Until 1919, the family seat of the viscounts Combermere was Combermere Abbey in Combermere Park, between Nantwich and Whitchurch in Cheshire. The traditional burial place of the viscounts was at St Margaret's Church, Wrenbury.

==Cotton and Stapleton-Cotton baronets, of Combermere (1677)==
- Sir Robert Cotton, 1st Baronet (c. 1635–1712)
- Sir Thomas Cotton, 2nd Baronet (c. 1672–1715)
- Sir Robert Cotton, 3rd Baronet (1695–1748)
- Sir Lynch Cotton, 4th Baronet (c. 1705–1775)
- Sir Robert Salusbury Cotton, 5th Baronet (c. 1739–1809)
- Sir Stapleton Cotton, 6th Baronet (1773–1865) (created Baron Combermere in 1814 and Viscount Combermere in 1827)

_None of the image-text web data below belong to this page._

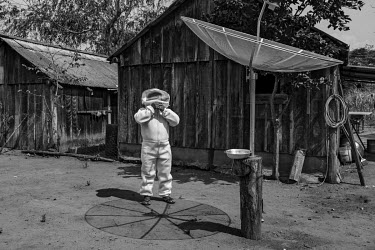 Paulo Marcos Tupxi, an indigenous Manoki man, removes his beekeeper's suit after collecting honey from his apiary on Irantxe Indigenous Land. Without many income alternatives, the Manoki people have b...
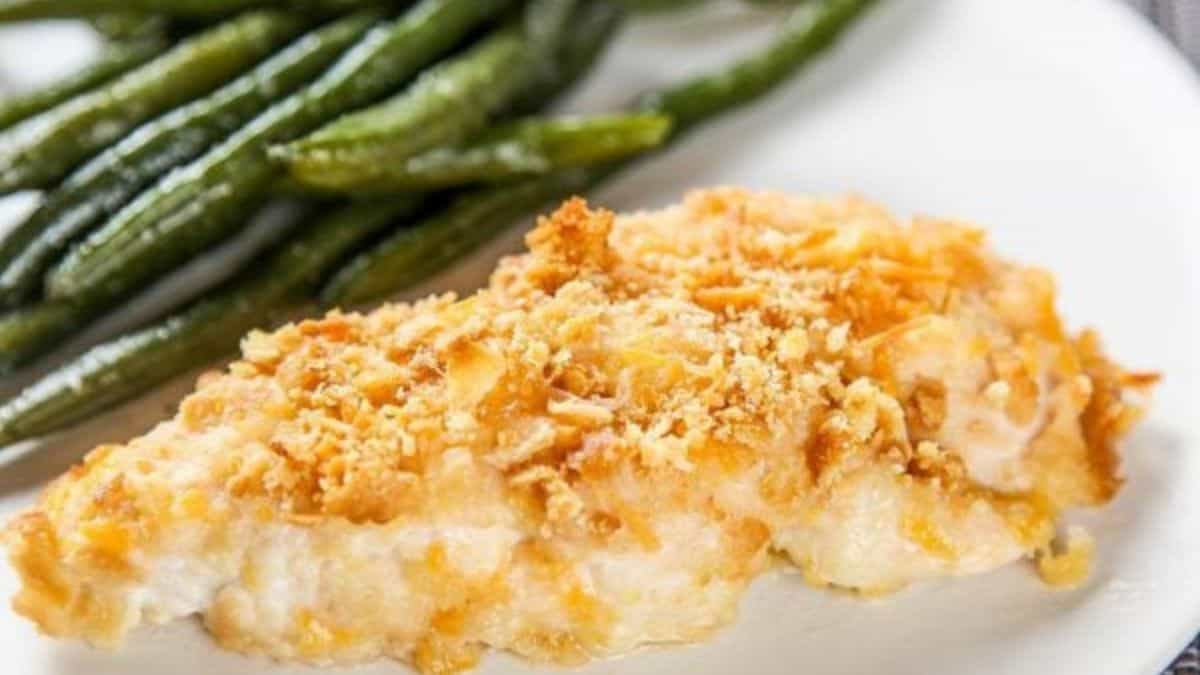 Ritz Cracker Chicken with string beans served on a plate.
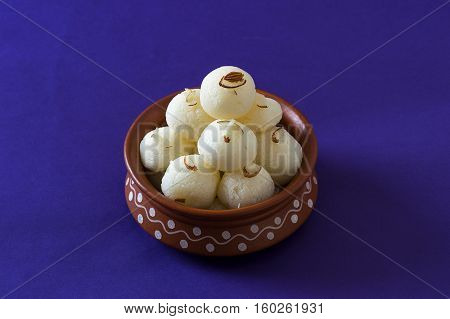 Indian Sweet or Dessert - Rasgulla, Famous Bengali sweet in clay bowl on blue background
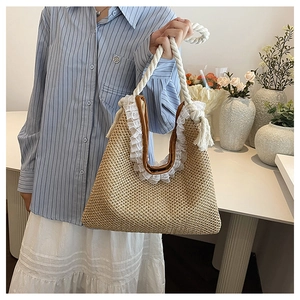 Woven straw handbag with brown leather handles and white lace detail held by a model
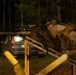 A heavily equipped tactical operator is photographed at night firing a rifle from behind a wooden barricade structure. A muzzle flash is visible at the end of the weapon's barrel, indicating the weapon is being discharged. The setting appears to be a training range or exercise area, with a parked vehicle and tree line visible in the background.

==Viscounts Combermere (1827)==
- Stapleton Cotton, 1st Viscount Combermere (1773–1865)
  - Robert Henry Stapleton Cotton (1802–1821)
- Wellington Henry Stapleton-Cotton, 2nd Viscount Combermere (1818–1891)
- Robert Wellington Stapleton-Cotton, 3rd Viscount Combermere (1845–1898)
- Francis Lynch Wellington Stapleton-Cotton, 4th Viscount Combermere (1887–1969)
- Michael Wellington Stapleton-Cotton, 5th Viscount Combermere (1929–2000)
- Thomas Robert Wellington Stapleton-Cotton, 6th Viscount Combermere (born 1969)

The heir apparent is the present holder's son, Hon. Laszlo Michael Wellington Stapleton-Cotton (born 2010).

==Arms==

Coat of arms of Viscount Combermere
| Crest1st a falcon wings expanded and inverted Proper beaked membered and belled Or holding in the dexter claw part of a belt Proper buckled Gold 2nd on a mount Vert a dragoon of the 20th Regiment mounted on a black horse and in the act of charging and over the crest in an escrol Azure the word "Salamanca" in gold letters 3rd out of a ducal coronet Or a Saracen's head couped at the shoulders affrontée wreathed around the temples Argent and Sable. EscutcheonQuarterly 1st & 4th Azure a chevron between three hanks of cotton Argent palewise and in chief pendant from a ribbon Gules a representation of the medal and clasps presented to the first viscount (Cotton) 2nd & 3rd Argent a lion rampant Sable (Stapleton). SupportersTwo falcons wings expanded and endorsed Proper beaked membered and belled Or the dexter supporting a spear also Proper therefrom flowing to the dexter a standard swallow-tailed Vert semée of estoiles Or streamers and tassels of the last and the sinister supporting a like spear therefrom flowing a yellow standard swallow-tailed streamers and tassels of the last. MottoPrepared In All Circumstances |

== Slave trading ==

Stapleton Cotton, 1st Viscount Combermere was a joint owner of a number of plantations on St Kitts and Nevis between 1822 and 1834. He was appointed the Governor of Barbados in 1817 meaning he was involved with overseeing the operation of plantations, slaves being shipped in and out of the island through purchase and sales of African people and the overall use of slaves on the island. He also received a considerable amount of compensation (around £920,000 in today's currency) for the loss of 420 enslaved people, at the time of release, on his estates.